From the records that follow, return exactly the lines beginning at the one that contains "Alright, so I'm" and ending at the one that contains "Welcome to our", pictures left out.
(Exercise data Opens)
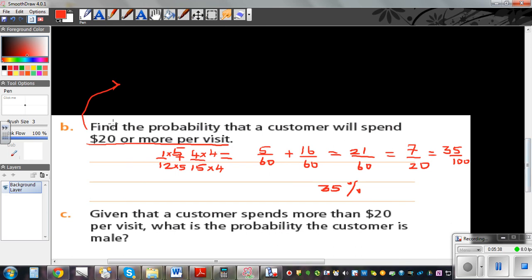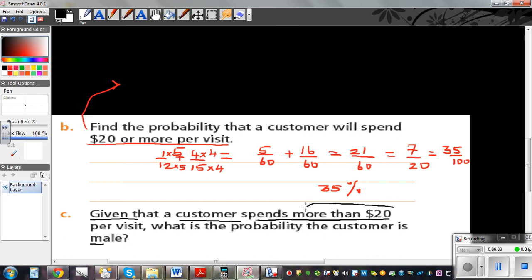The next is an interesting question. Given that the customer spends $20 or more per visit, what is the probability that the customer is male? This is called conditional probability. The given fact — that the customer spends $20 or more — is the condition.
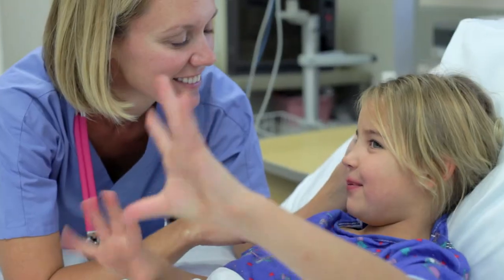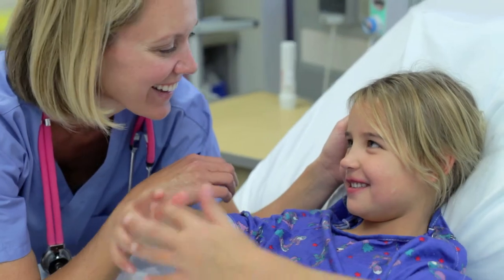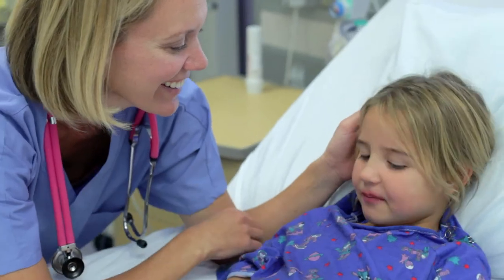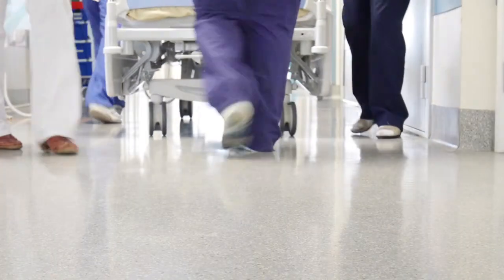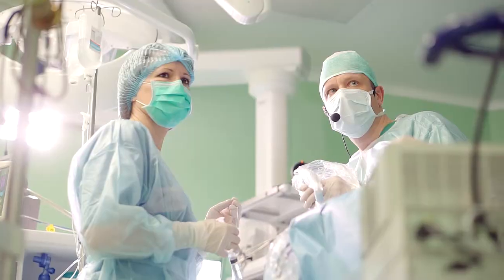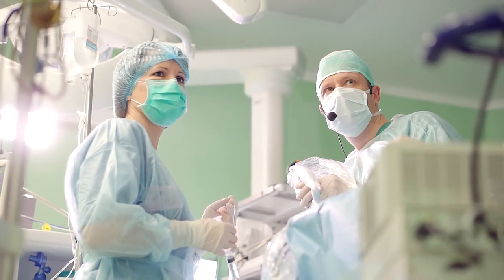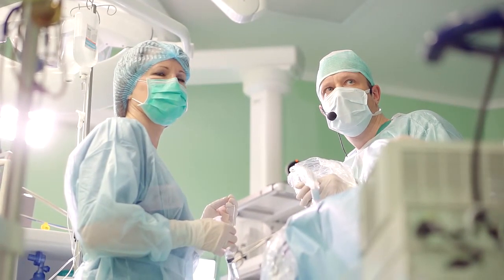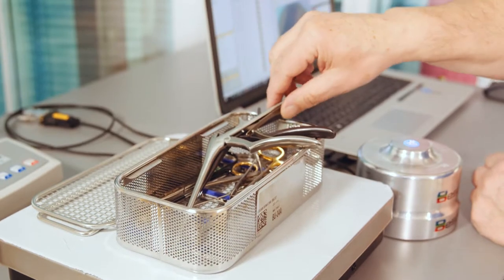The increase of surgical procedures and growing range of surgical instruments require an accurate, fast, and intelligent solution.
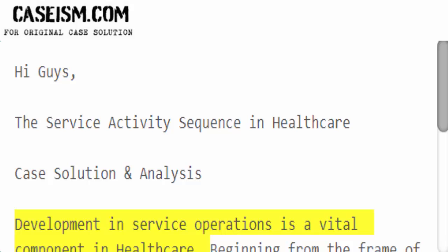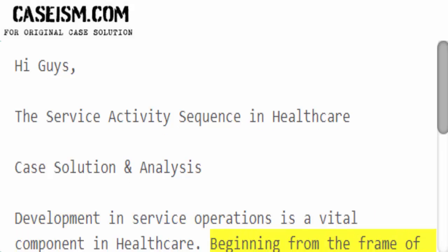Development in service operations is a vital component in healthcare. Beginning from the frame of reference supplied by the service action sequence, S.A.S., Munos Seeker 2011, this note presents encounters on S.A.S.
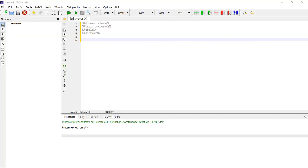Welcome to the LaTeX learning series. In the last video I introduced you to LaTeX, and now I am introducing you to document class, begin document, how to write the title, and how to make sections.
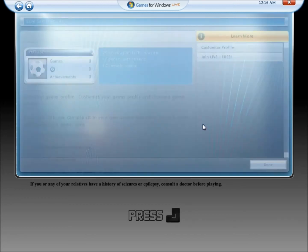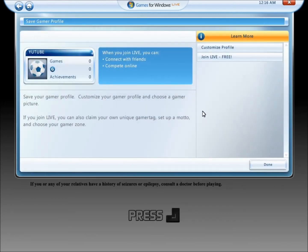Click Submit, and there you go. And that is how to create an offline Games for Windows Live profile.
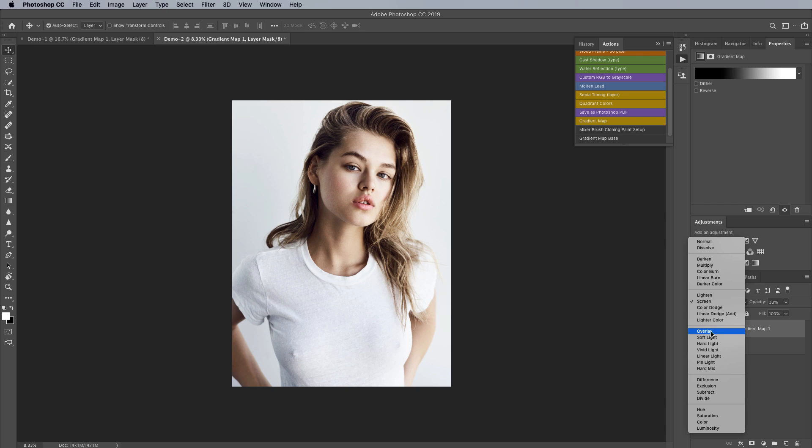And then we have the luminosity blending mode which I find works sort of in between soft light and overlay. It's definitely stronger than soft light but not as strong as overlay so again play around with it and see if you like the look of it.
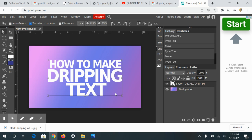Alright, so I'm going to show you how to make this dripping text effect in Photopea. So I found a video for this effect in Photoshop, but I wanted to show you guys how to create it in Photopea.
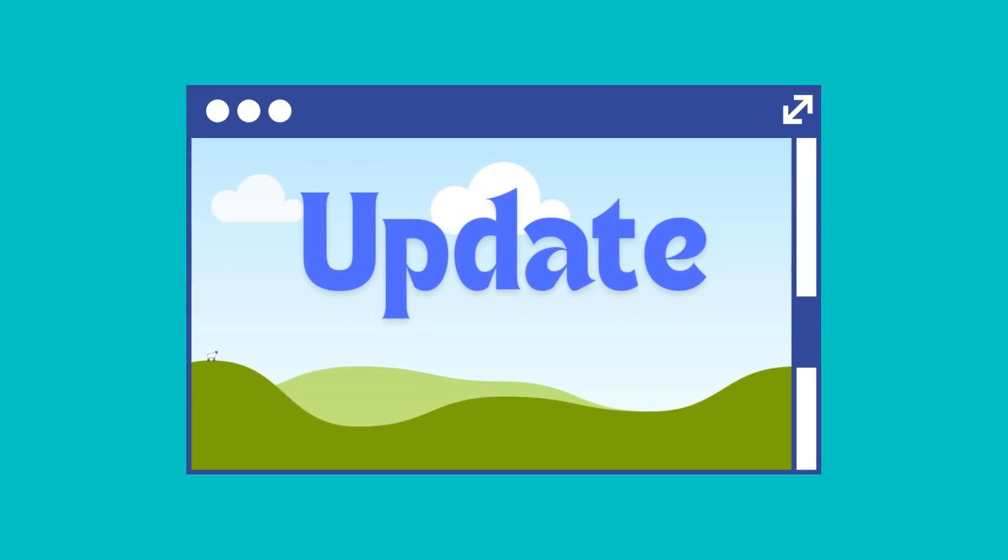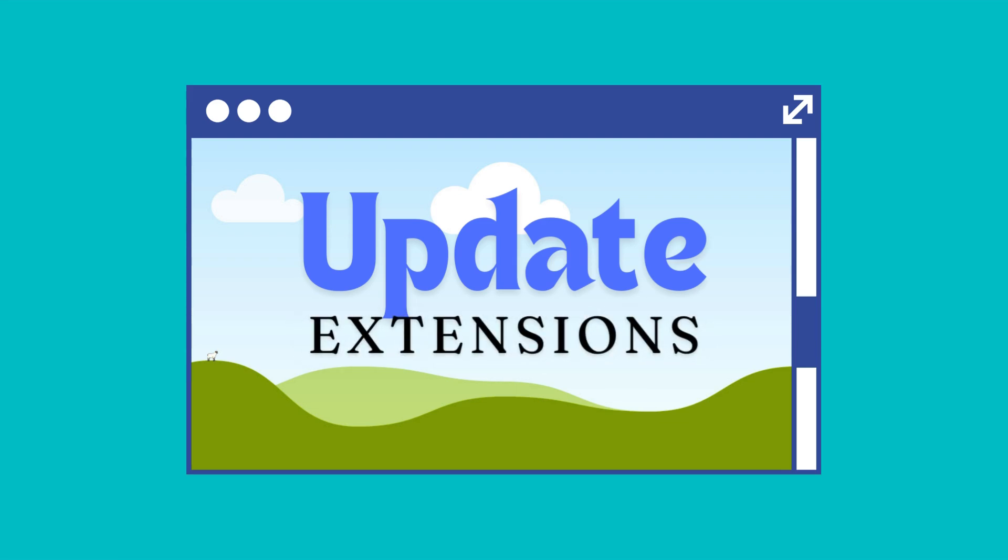Welcome to our step-by-step guide on how to update Google Chrome extensions. Keeping your extensions up to date is crucial for security and performance. In this video, we'll walk you through the process. Let's get started.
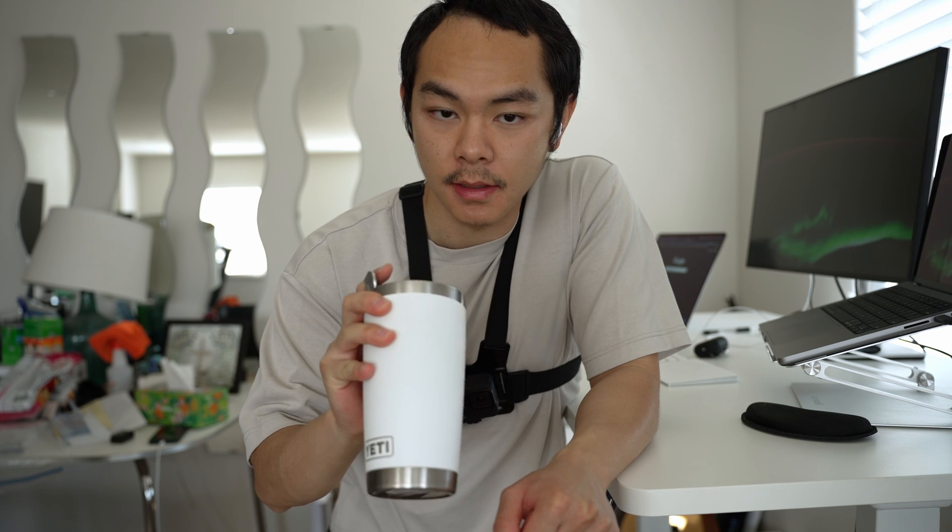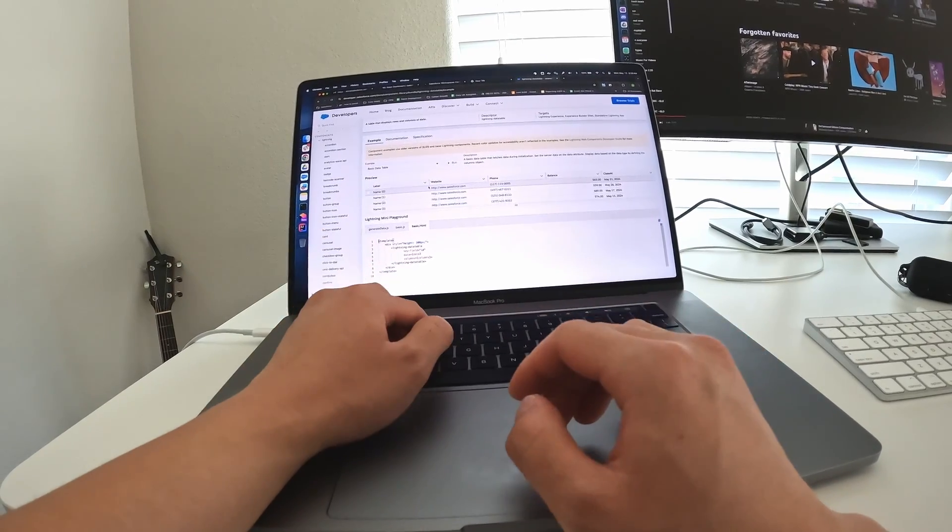I usually start my day off with some tea. I don't drink any caffeinated teas early in the morning — I drink either a ginger lemon tea or chamomile. That's what I drink early in the morning before I start working. Once it's around 9:30 to 10, that's when I start drinking caffeinated drinks, ranging from coffee to black tea.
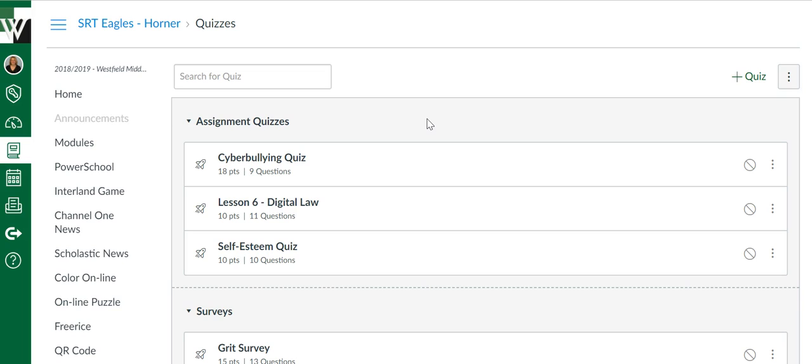It is something Canvas is working on, and they're saying that in the next six to twelve months you should be able to access and use those old question banks, but for right now you can't.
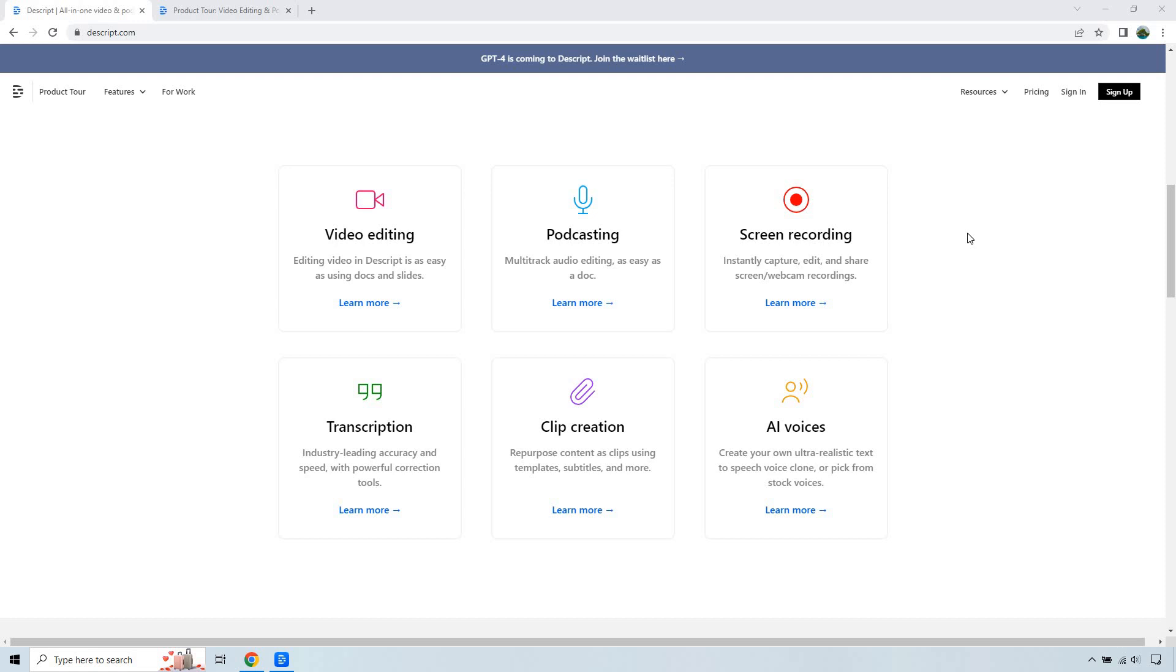There's actually a feature that allows you to take all your ums and ahs and specific words that you might want to remove. Kind of like me, I use those a lot. So that's a cool feature to have.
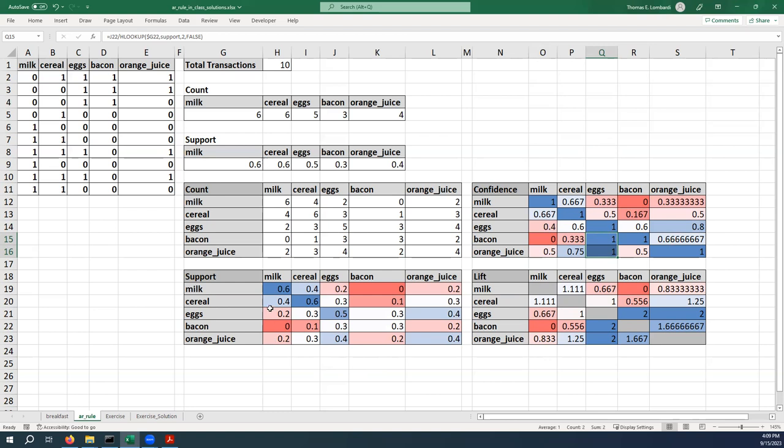And then down at support, we just want to find out what are the frequent transactions. So we've talked a lot about eggs and orange juice. We talked about that as having high lift and, surprise surprise, people buy eggs and orange juice together in 40% of these transactions.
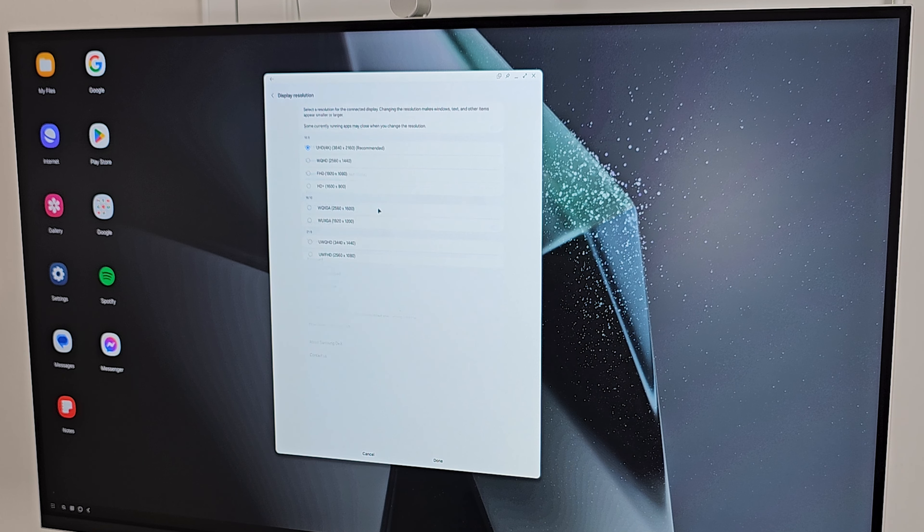Samsung DeX and One UI 6.1 have some pretty incredible features. Daniel here from Sam Mobile TV, and today I'm going to show you 5 ways to use DeX that you probably aren't doing. Samsung DeX is that amazing bit of software that turns your phone into your desktop computer — hence DeX, desktop experience.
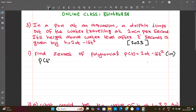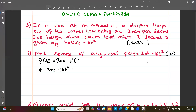So to find the zeros, it's very easy. p of t is equal to 20t minus 16t squared. So we set 20t minus 16t squared equal to zero, because zeros are the values where the polynomial equals zero.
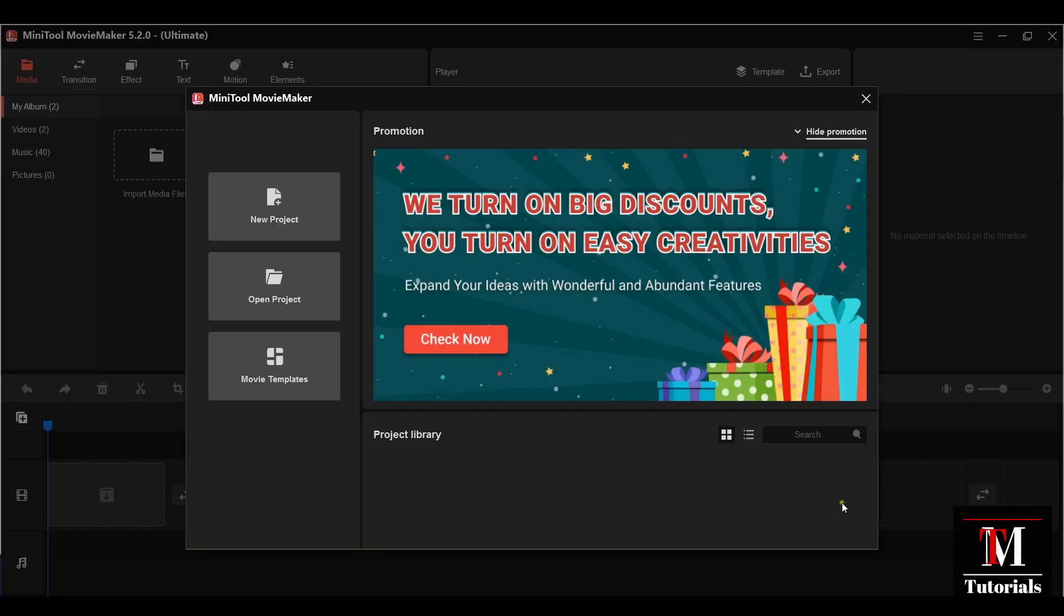This video is for those people who are looking for the easiest, simplest video editor there is. This MiniTool Movie Maker, which is by far the most efficient yet the simplest video editor I have ever used.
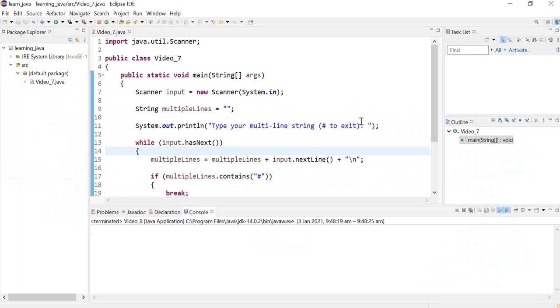Hi everyone, in this video we demonstrate using a do-while loop to get multiple lines of string until the user decides to stop.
(Exercise data Closes)
Exercise result:
Alright, so I'm going to show you how to make this dripping text effect in Photopea. So I found a video for this effect in Photoshop, but I wanted to show you guys how to create it in Photopea.
Welcome to our step-by-step guide on how to update Google Chrome extensions. Keeping your extensions up to date is crucial for security and performance. In this video, we'll walk you through the process. Let's get started.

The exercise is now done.